Spanning on an area of 236, 580 sq km in the East African region, Uganda is bordered by South Sudan in the north, Kenya in the East, Democratic republic of Congo to the west Rwanda to the south west and Tanzania to the south. The country lays a stride Equator and is strategically located in the heart of Africa where the East African Savanna meets the West African jungle.

The capital city is Kampala and Entebbe airport is the only international airport in the country and the major gateway into the country.

The country is privileged to harbor Lake Victoria, the second largest in land fresh water lake in the world forming the source of the Nile, the longest river in the world whose great adventure activities are mind blowing and breath taking for those interested in arousing their adrenalin.

The country also shelters more than half of the remaining 880 mountain gorillas in the world with the remaining living in Rwanda and Congo. About 60% of bird species in Africa can be found in this country with both the Albertine rift / Congo forest endemics and the savanna species.

The country is also the mother of the world’s strongest water falls; the Murchison falls where the Nile squeezes through an 8m wide gap between the rocks before pouring 42m deep into the gorge. About 7 % of the mammal species in the world and a diversity of cultures and languages that total to about 66 different cultures are yet other spectacular gifts the country is endowed with.

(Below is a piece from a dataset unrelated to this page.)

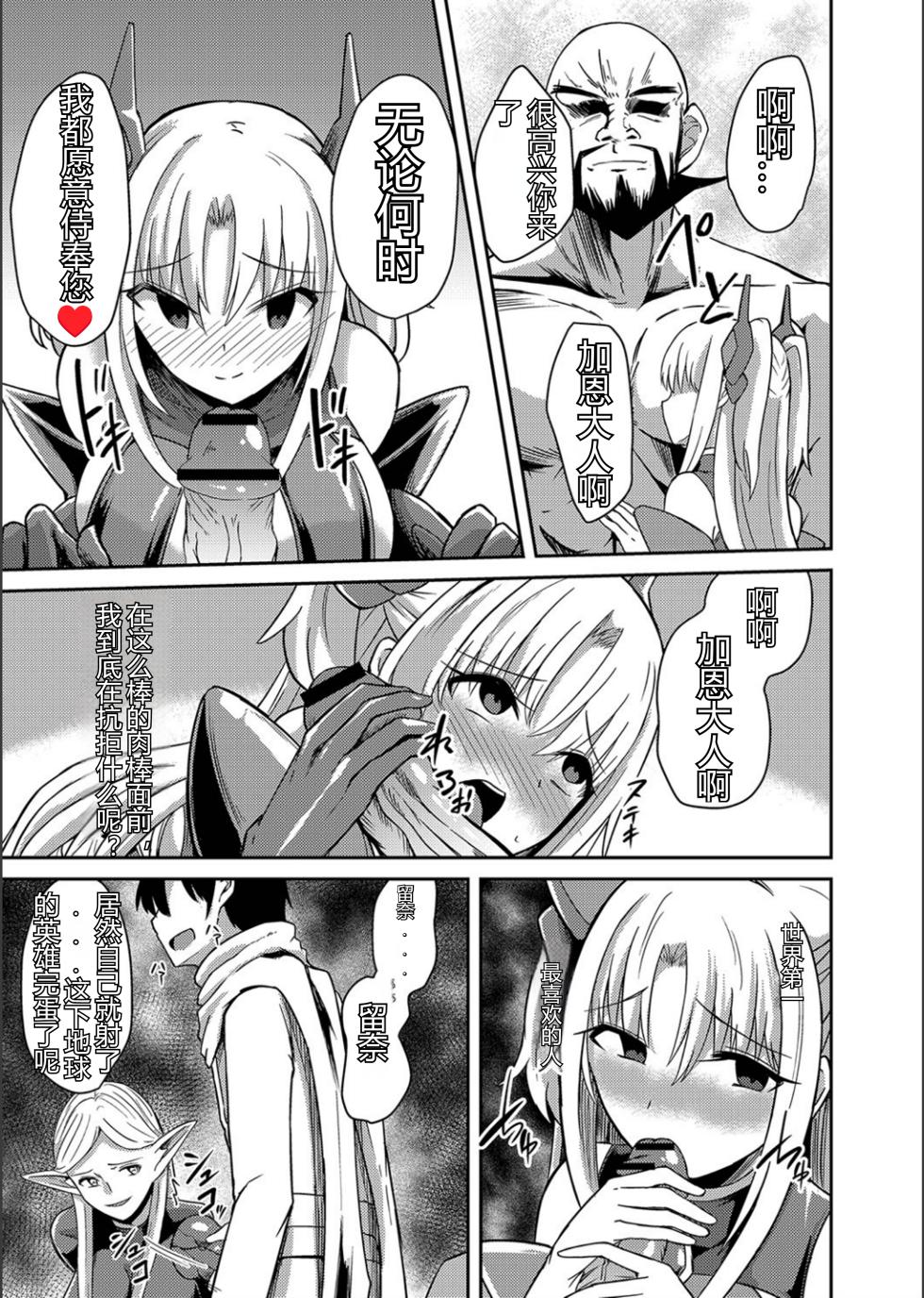 [Keiki] Netorare Metamorphose [Chinese] - Page 23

The 7km wide on top of Mt. Elgon is the world’s largest intact caldera while the Rwenzori glacial peaks are very scenic and a great wonder for their snow caps despite being close to the Equator. The Rwenzori mountains were gazetted as a world heritage site by UNESCO and is one of the best and quite challenging hiking spots in the world.

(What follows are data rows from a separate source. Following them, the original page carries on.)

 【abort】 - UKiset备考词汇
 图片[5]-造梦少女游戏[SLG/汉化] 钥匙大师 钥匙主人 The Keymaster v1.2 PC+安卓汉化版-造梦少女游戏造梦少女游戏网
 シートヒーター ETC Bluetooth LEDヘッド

The country’s spectacular endowment has seen it win several accolades. In 1907, the British prime minister; Sir Winston Church Hill named it the pearl of Africa a brand the country has held since then while his USA counterpart Theodore Roosevelt spent an equivalent of today’s $1.8m on his hunting safari to Murchison while confirming what Winston had described as the ‘great Kew gardens and zoo combined on unlimited scale’. In 2012, Uganda was voted the destination of choice by the Lonely planet while in 2013, Kidepo valley national park was voted among the top 10 best national parks in Africa. Queen Elizabeth National Park has been honored as a Top Performing National Park as Reviewed by Travelers on the World’s Largest Travel Site, Trip Advisor while R. Nile was recognized among the 7 wonders of Africa.

Population

According to the population estimates by the Uganda Bureau of Statistics in 2012, the population of Uganda was at 34 million but the country could be having slightly more people than that though the results of the 2014 census are not yet released.

People and culture

Uganda has long been a cultural melting pot, as evidenced by the existence of more than 60 different indigenous languages belonging to five distinct linguistic groups (Bantu, Nilo-Hamites, Hamites, Luo/ Nilotic and the Hunter-gatherers), and an equally diverse cultural mosaic of music, art and handicrafts. The people of Uganda stem from all the four Africa’s language families that include Bantu, Cushitic, Nilotic, and Khoisan (hunter gatherers)

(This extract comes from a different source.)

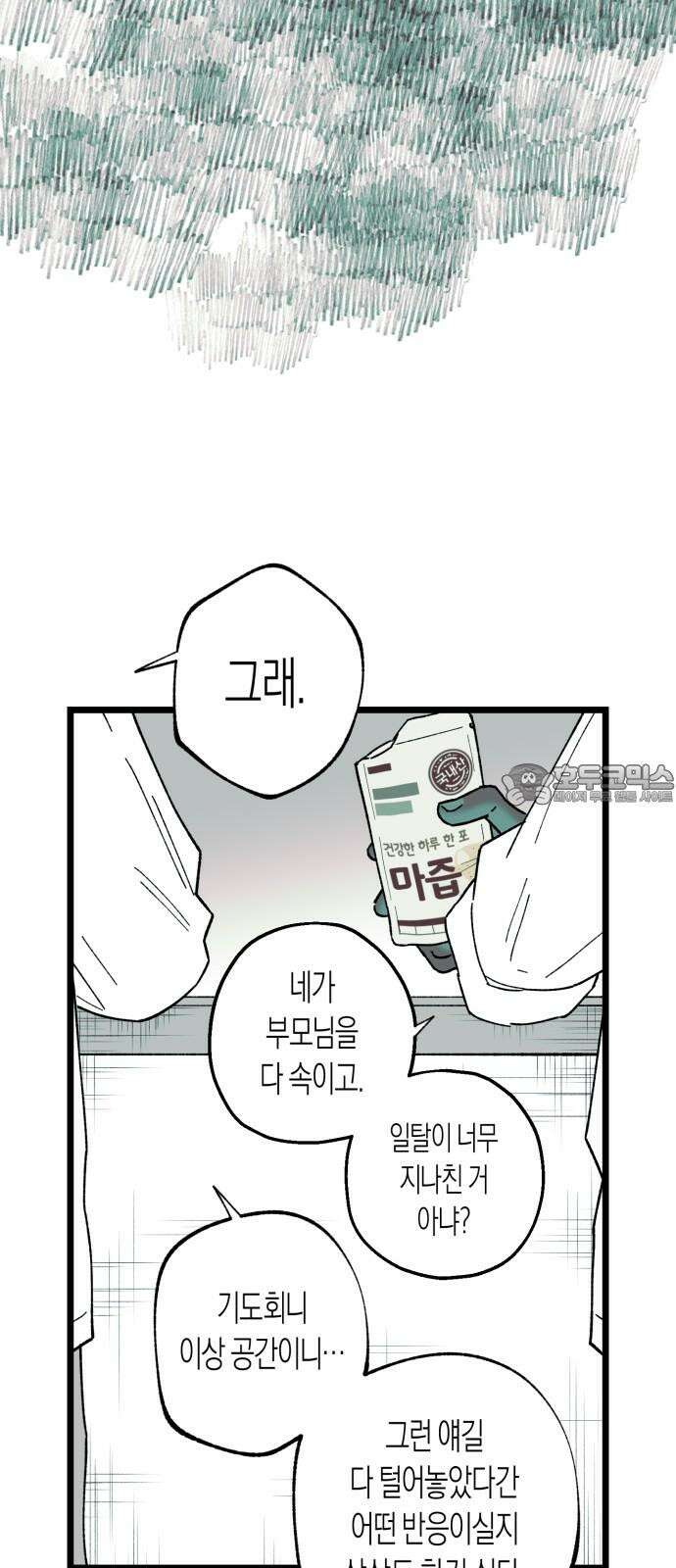 법법궤궤 41화: 도솔천의 아이들(2) 15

The Bantu speaking groups are said to have entered the country from the forests of Congo and Cameroon highlands in around 14th and 15th centuries and settled in the southern part of the country. They came along with them iron working, making different tools from iron and introduced agriculture in the region. Today the Bantu groups dominate the area below L. Kyoga and include Baganda, Bantankole, Batooro, Bakiga, Banyoro, Bagwere, Bagisu, Basoga, Basamia and Bakonjo among others. These have unique customs and norms as well as fascinating hand crafts and traditional dances which are enthralling to watch.

The Cushitic groups were categorized in two groups of the Hamites and the Nilo- Hamites. The Hamites and Nilo-Hamites, both originated from the north east around the Ethiopian highlands, and settled in the northeast and eastern parts of the country while some continued to settle in the south western Uganda and into Rwanda. They were mainly pastoralists, herding several numbers of animals with which they would move from one place to another looking for pasture and water. The Hamites tribe was composed of the Hima that are now settled in Ankole and have been absorbed into Banyankole, the Hutu and Tutsi in Rwanda. The Nilo-Hamites include the Karimajong, Kumam and the Iteso in the eastern and north eastern part of the country. These groups have continued to attach great value to their cows and used to depend on their products for food and survival. Their art facts, stories, traditional dances and lifestyles are quite interesting too.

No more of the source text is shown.